> [What this task involves] Pictures are to be left out, and only the lines from the one containing "Here we are" through the last line of the data are to be returned exactly.

> [Dataset content]
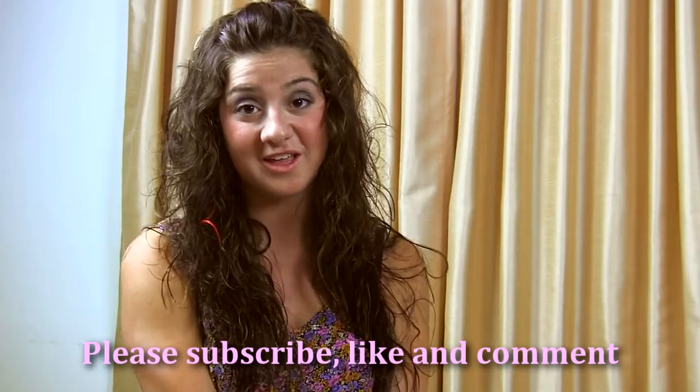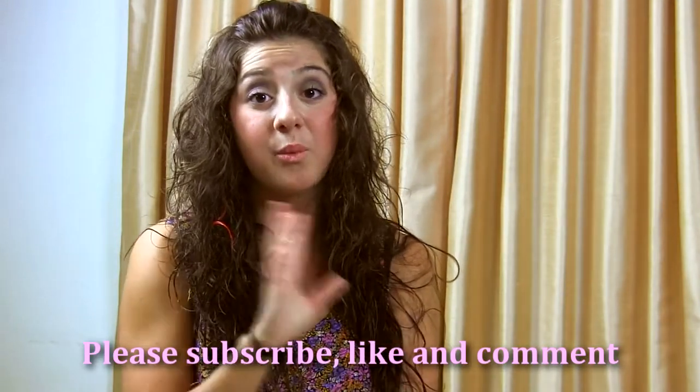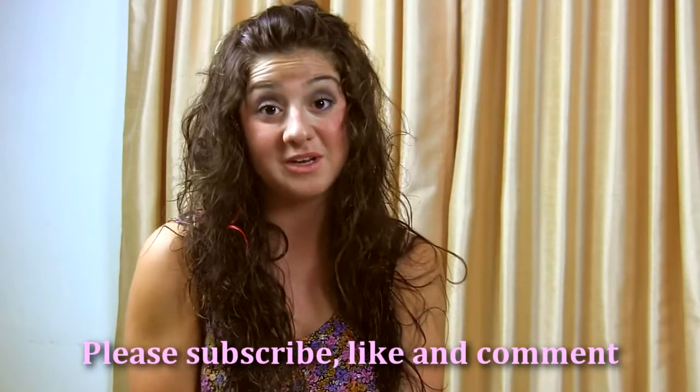And there we have it — a simple scrunched hair look with a feather hair extension. I'd really like it if you guys could subscribe, comment, and like the videos. Please write and tell me what other looks you want me to do, and I'll see you guys really soon. Talk to you later, bye!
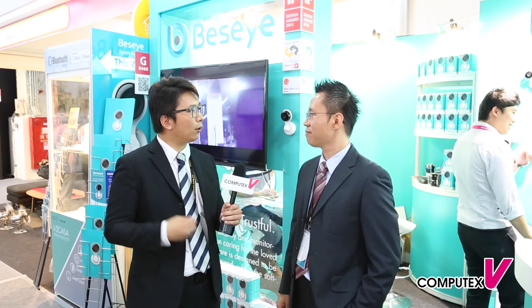Here we are at Computex Taipei 2015, standing at Hall 3 at Baseye. This is a company that focuses on IP cameras. Standing next to me is Shaq, the CEO of Baseye. What the company wants to do is resolve a very simple question: how to smartly protect your home and your store in a very easy way. That's why they invented Baseye Pro, the world's first smart camera.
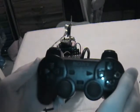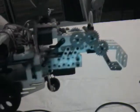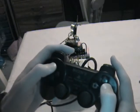I'm going to be using this Sony PlayStation 2 remote control to control the movements of this Parallax robot. I'm going to use the arrow keys and assign these to move the robot around.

> [Result]
Here we are at Computex Taipei 2015, standing at Hall 3 at Baseye. This is a company that focuses on IP cameras. Standing next to me is Shaq, the CEO of Baseye. What the company wants to do is resolve a very simple question: how to smartly protect your home and your store in a very easy way. That's why they invented Baseye Pro, the world's first smart camera.
I'm going to be using this Sony PlayStation 2 remote control to control the movements of this Parallax robot. I'm going to use the arrow keys and assign these to move the robot around.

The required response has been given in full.